> _Requirement_
Would you please repeat all of the data exactly, omitting the pictures?

> _Collected material_
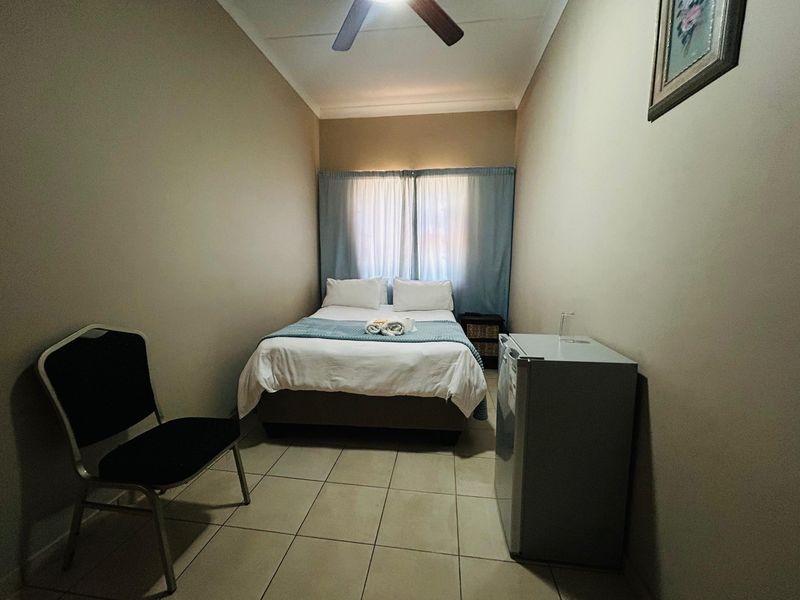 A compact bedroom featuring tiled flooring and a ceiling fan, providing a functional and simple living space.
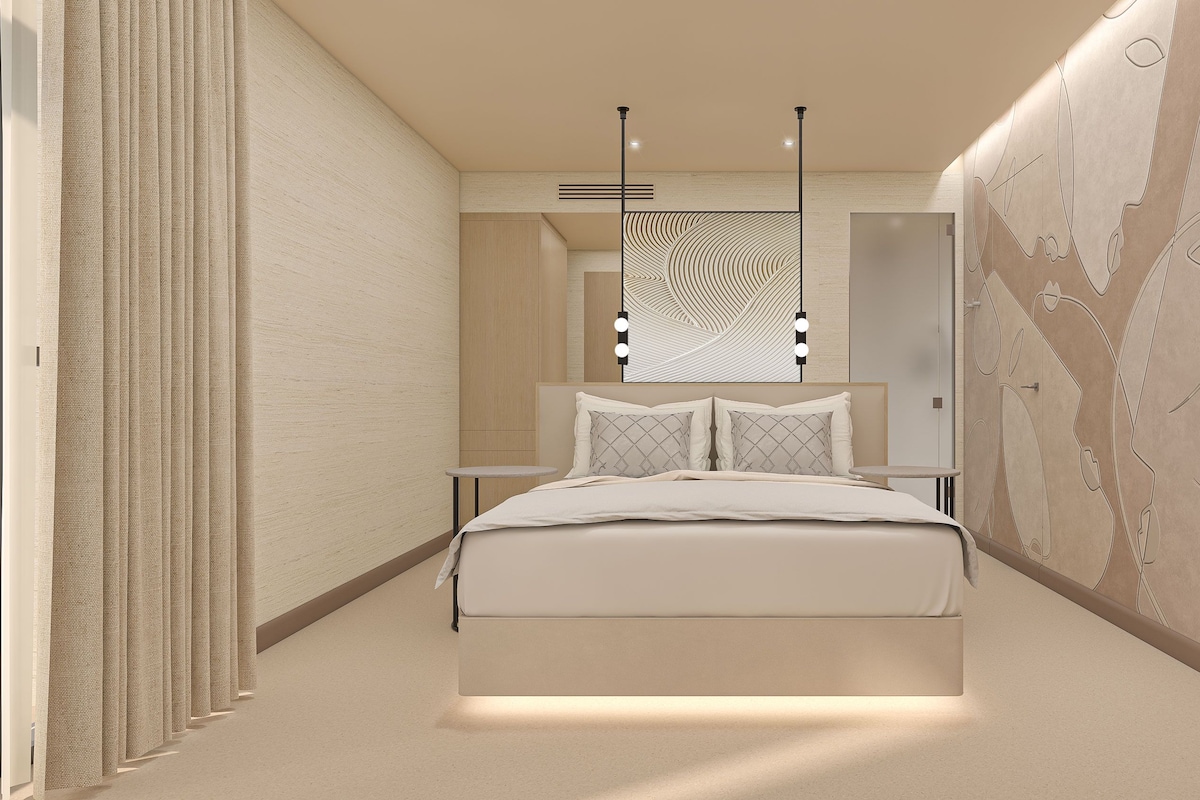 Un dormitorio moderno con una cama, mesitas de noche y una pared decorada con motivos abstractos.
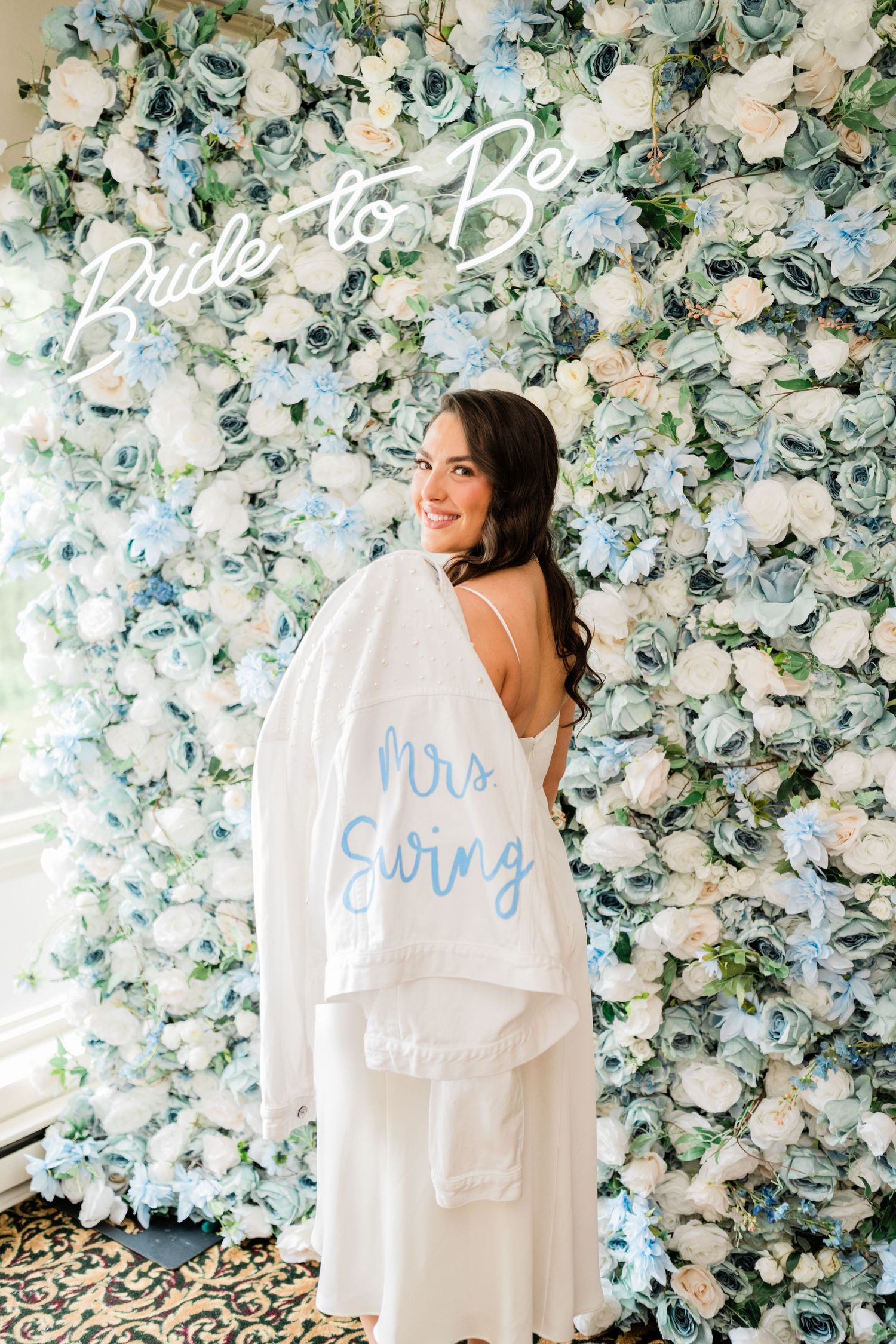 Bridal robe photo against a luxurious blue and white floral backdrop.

> _Exercise result_
 A compact bedroom featuring tiled flooring and a ceiling fan, providing a functional and simple living space.
 Un dormitorio moderno con una cama, mesitas de noche y una pared decorada con motivos abstractos.
 Bridal robe photo against a luxurious blue and white floral backdrop.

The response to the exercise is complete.